Getting his program up and running in 2014 was a challenge from the start.

  • “I went from being a trainer at a facility that was full of high-tech specialized equipment…and staff to help with transferring people out of their wheelchairs onto an exercise mat to having none of that (and) working out out of an automotive garage at a CrossFit gym,” Nix said, adding that the only equipment he had were yoga mats and some balancing pads, and overdrew his bank account to purchase them.
  • “There were a lot of growing pains to figure out the right process and the steps to doing this by myself, and so we just started with what we had, which wasn’t much, and we just kind of figured it out day by day,” he added. 

When he first started, Nix wasn’t even sure he had the tools to train those with spinal cord injuries, but he soon learned that there was no reason he couldn’t use dumbbells and barbells, gymnastics rings and plyometric boxes to train his clients.

  • “We figured out how to do a very effective means of exercise for people with unique needs with the type of equipment you see in your everyday CrossFit gym,” he said.

His program grew organically, and when COVID hit Nix used it as an opportunity to “hunt for a space,” he said. 
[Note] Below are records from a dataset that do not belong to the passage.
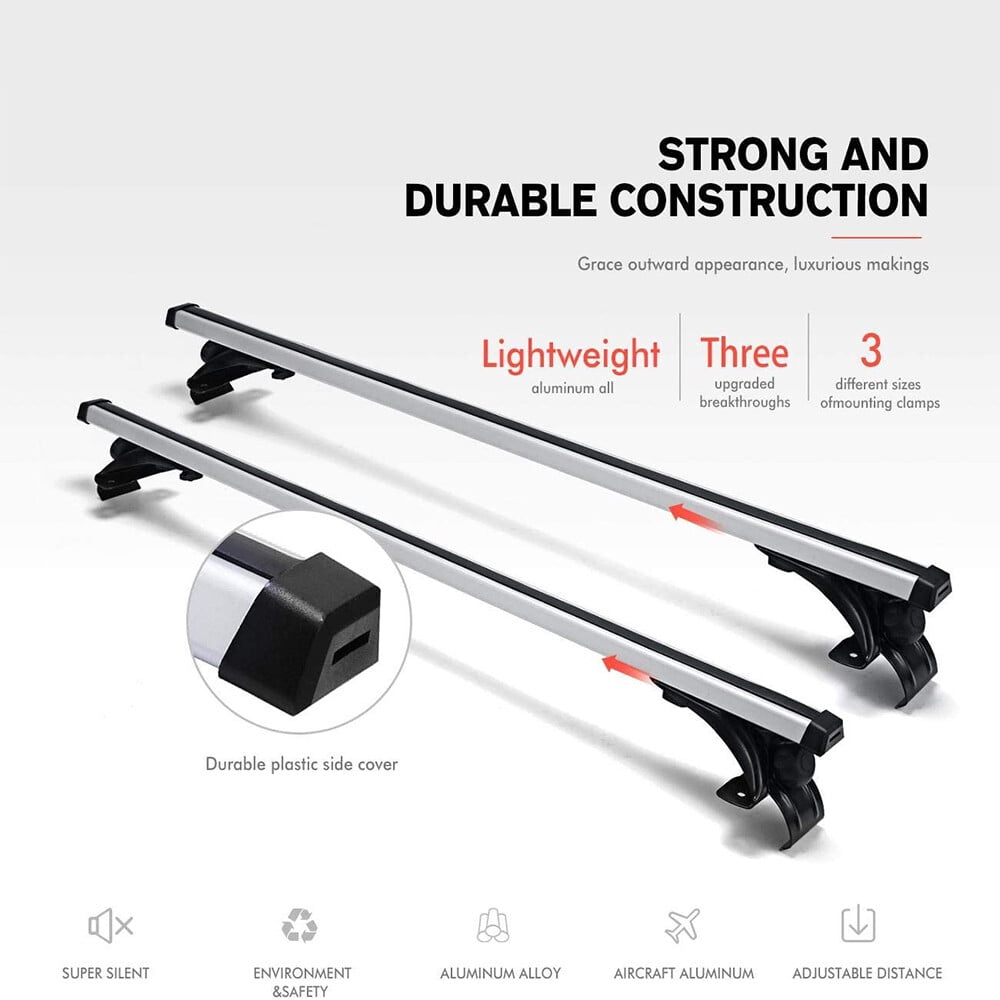 48" Bare Roof Rack Cross Bars Luggage Cargo Carrier For Ford Escape 2001-2024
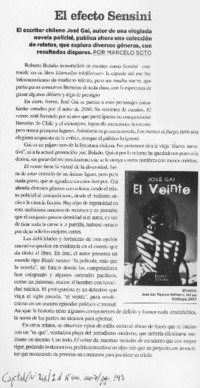 El efecto Sensini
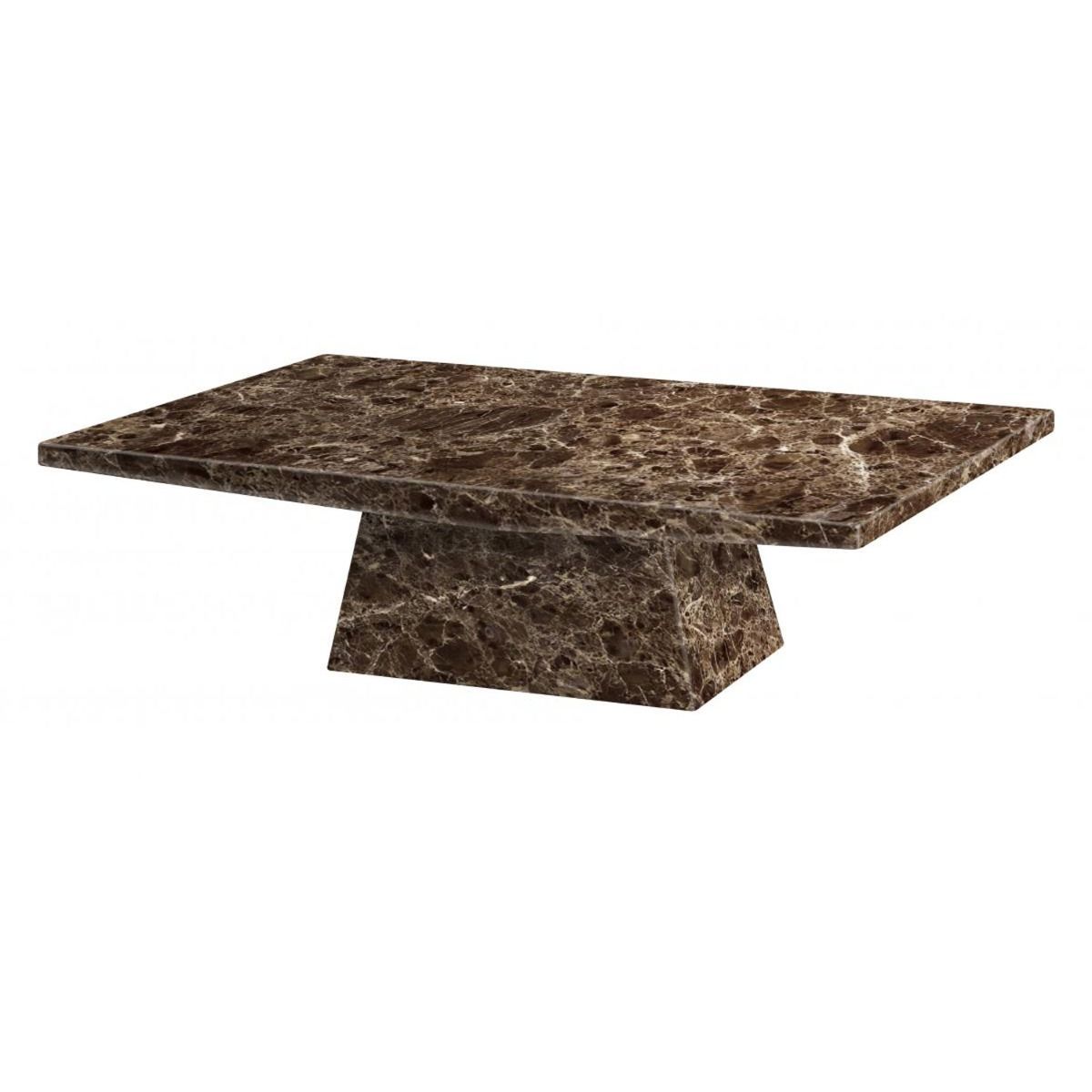 Aislinn Marble Coffee Table - Natural Stone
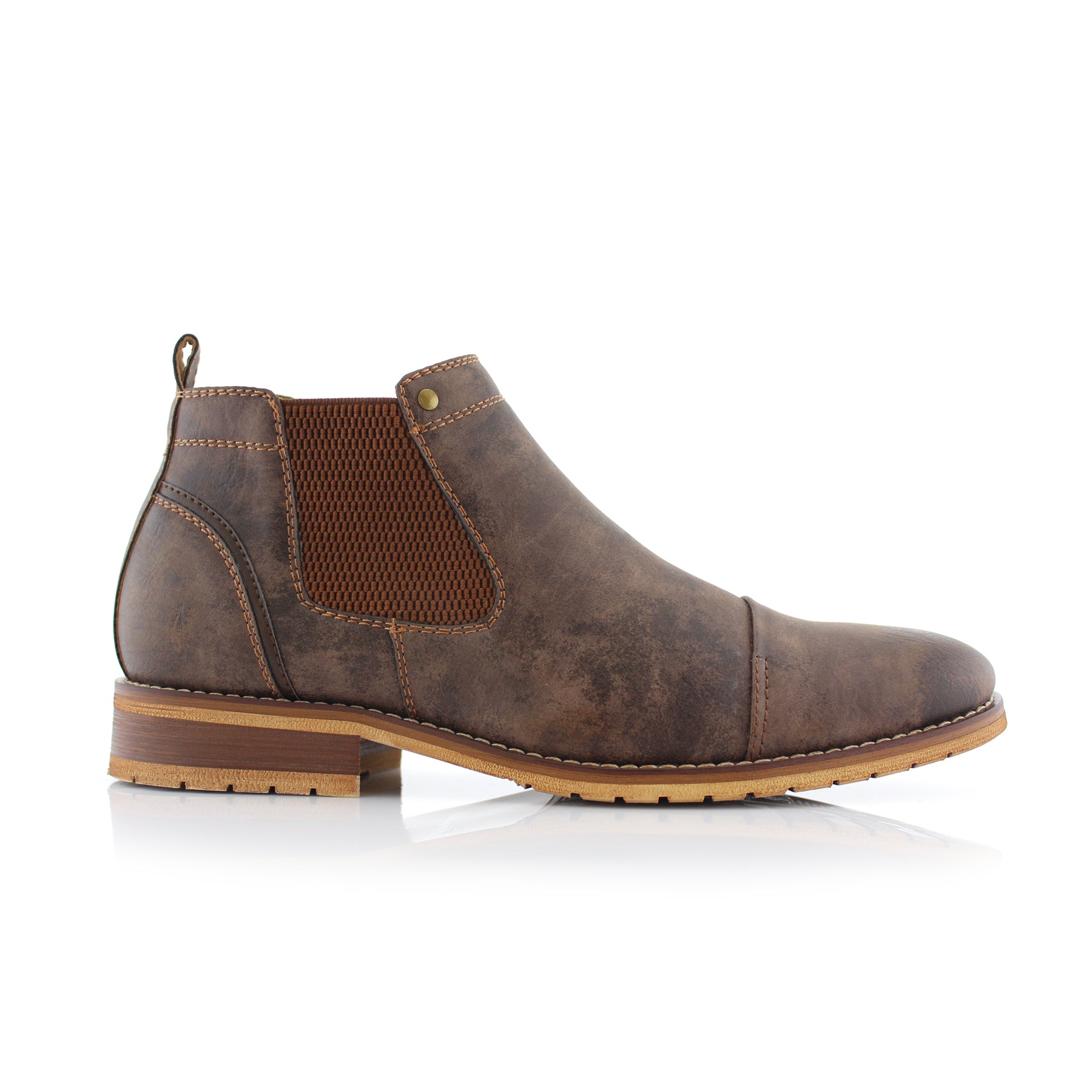 Burnished Chelsea Boots | Sterling by Ferro Aldo | Conal Footwear | Outer Side Angle View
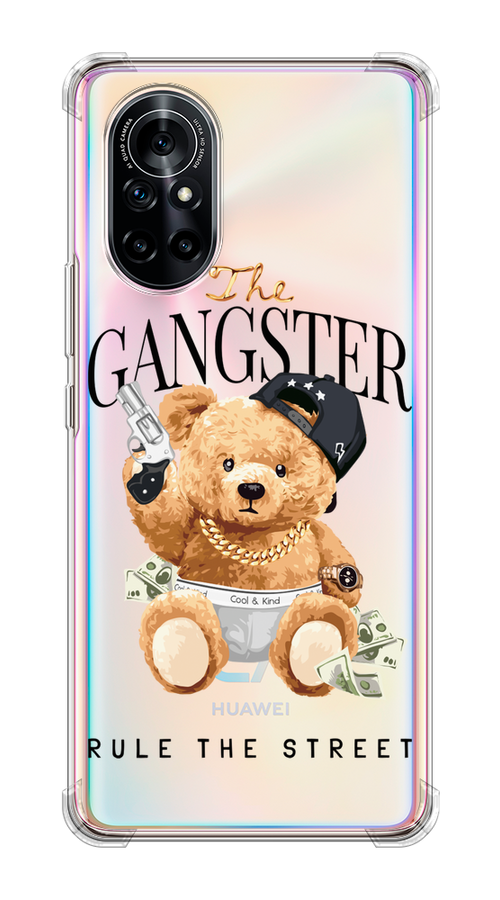 

Чехол на Honor V40 Lite "The Gangster", Бежевый;серый;черный, 6105150-6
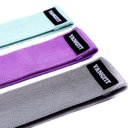 Ver imagem 2 de Hip Band Elástico Extensor Kit 3 Intensidades Yangfit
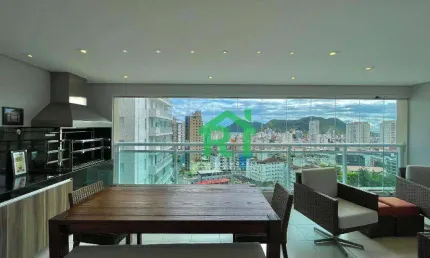 Apartamento 3 quartos (1 suíte), 2 vagas, lazer, praia das astúrias, guarujá.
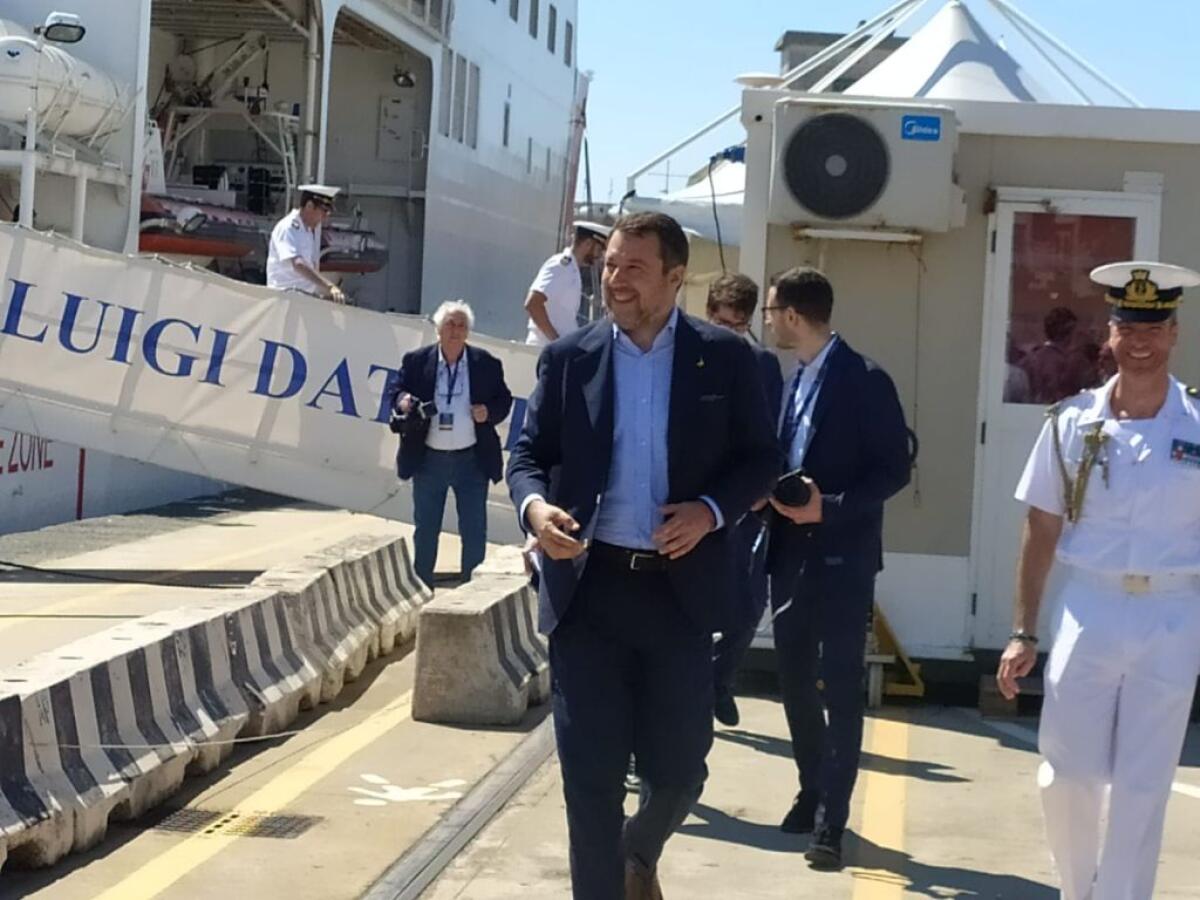 Salvini “Entro l’anno cantiere del Ponte, sarà rivoluzione ambientale” - 
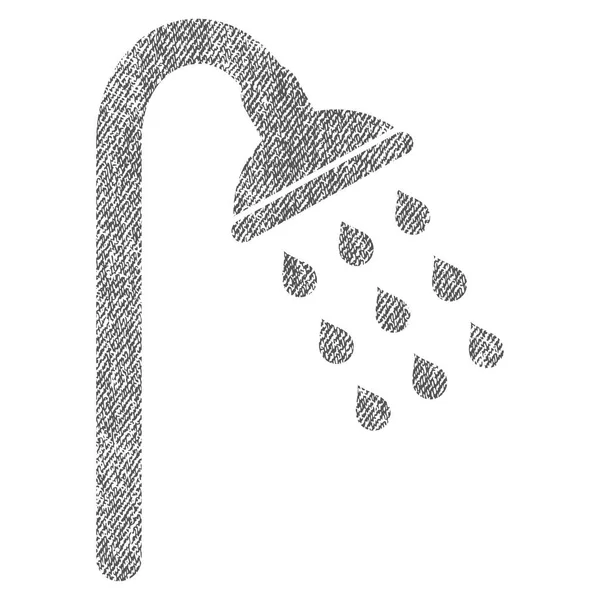 Tecido de chuveiro texturizado ícone — Vetor de Stock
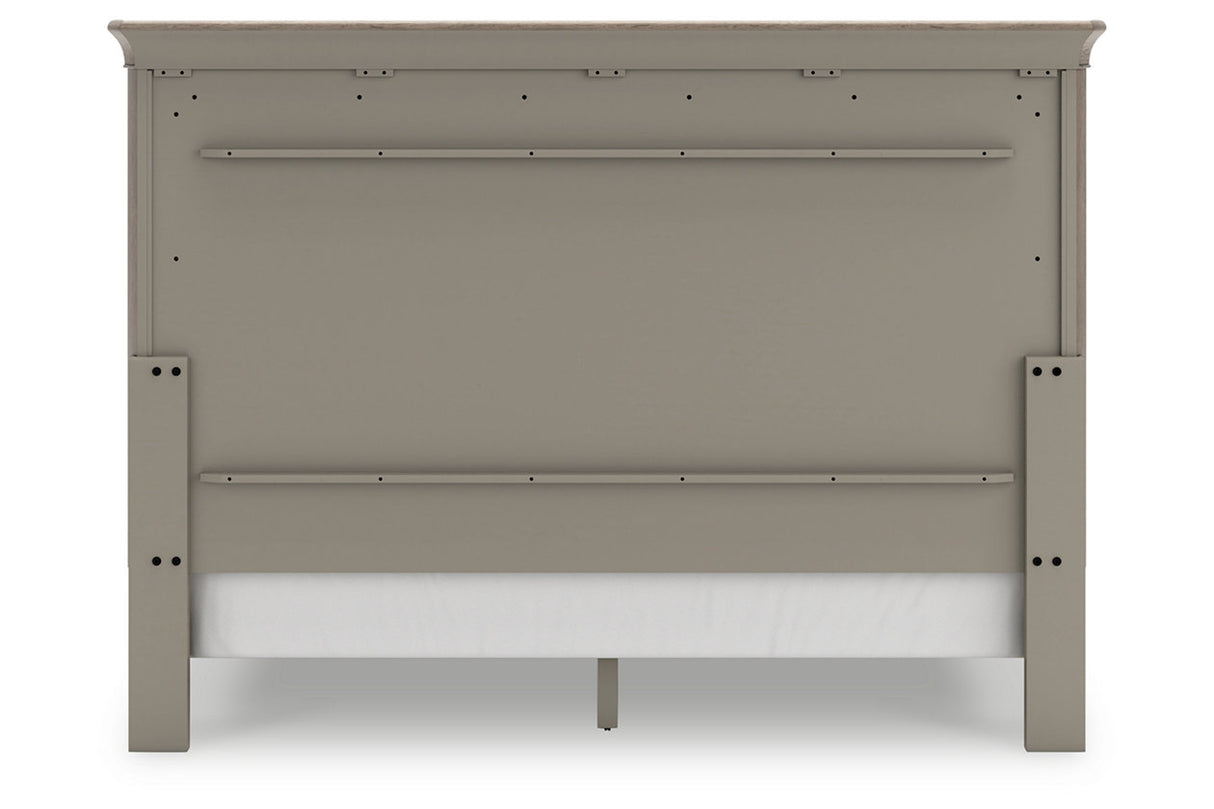 Lexorne Gray California King Sleigh Bed -  Ashley - Luna Furniture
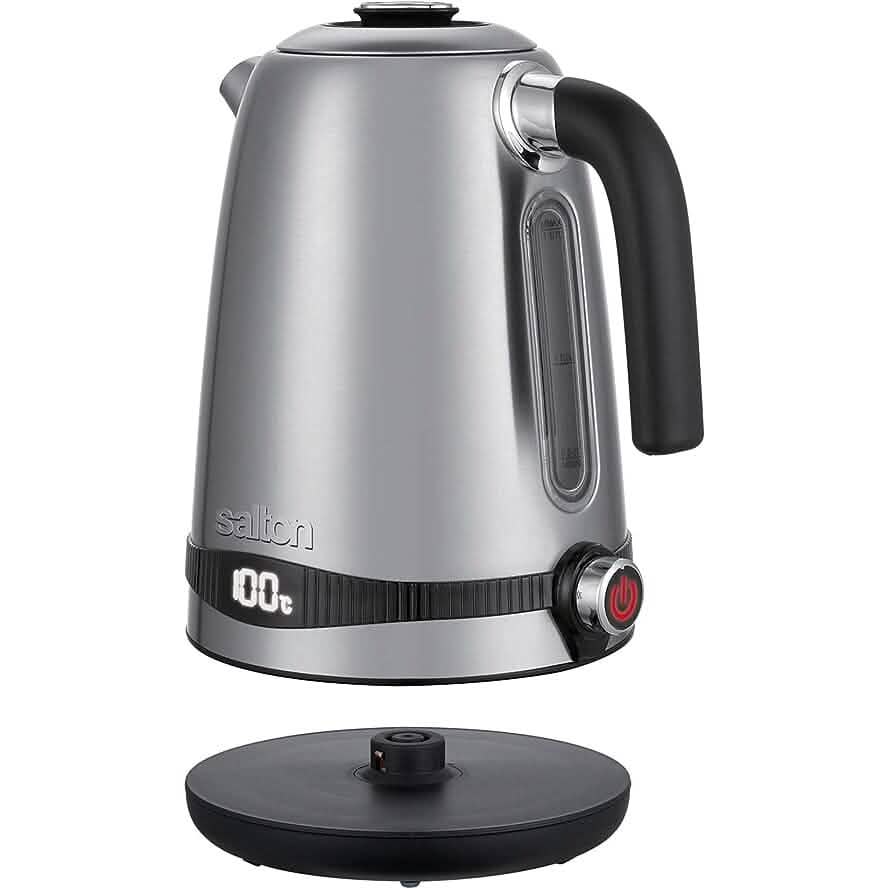 Salton Stainless Steel Digital Kettle - Variable Temperature DailySale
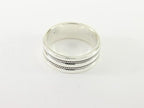 Zilveren ring met fijne kabelpatronen afbeelding 2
He found one and opened CrossFit Hopkins, and the Fit 4 Recovery program in January 2021, a program that now services not only spinal cord injury clients, but also people with various other neurological impairments, nervous system impairments, muscular impairments or imbalances.

  • “The range of (who) we work with has grown quite a bit. It’s much more broad now and now it looks a little bit more of a hybrid of CrossFit meets this unique activity-based therapy world,” Nix said, adding that many of his clients come in as referrals from local physical therapists, occupational therapists and doctors.

Though some of his Fit 4 Recovery clients have transitioned to regular CrossFit classes at his gym, the majority of them train during the day with Nix or one of his two coaches in a one-on-one setting, which is needed “due to the level of detail that we work with each person,” he said.

The Big Picture

While it might seem like what Nix does is very different from the average CrossFit coach, he insists it’s all the same: He’s helping people become healthier and fitter.

  • “It’s no different and perhaps even more important for my Fit 4 Recovery crew, but instead of fighting to get a new 1 rep max back squat, they might be fighting to get their hand to their mouth, or to be able to drive their wheelchair a little more successfully and with more control, or maybe to be be able to do a standing transfer,” he continued.

Either way, it’s about improving people’s lives.

  • “The impact of making people stronger is such a powerful thing…and if we can give people a little bit of help to do that, that’s a pretty exciting reason to show up everyday.”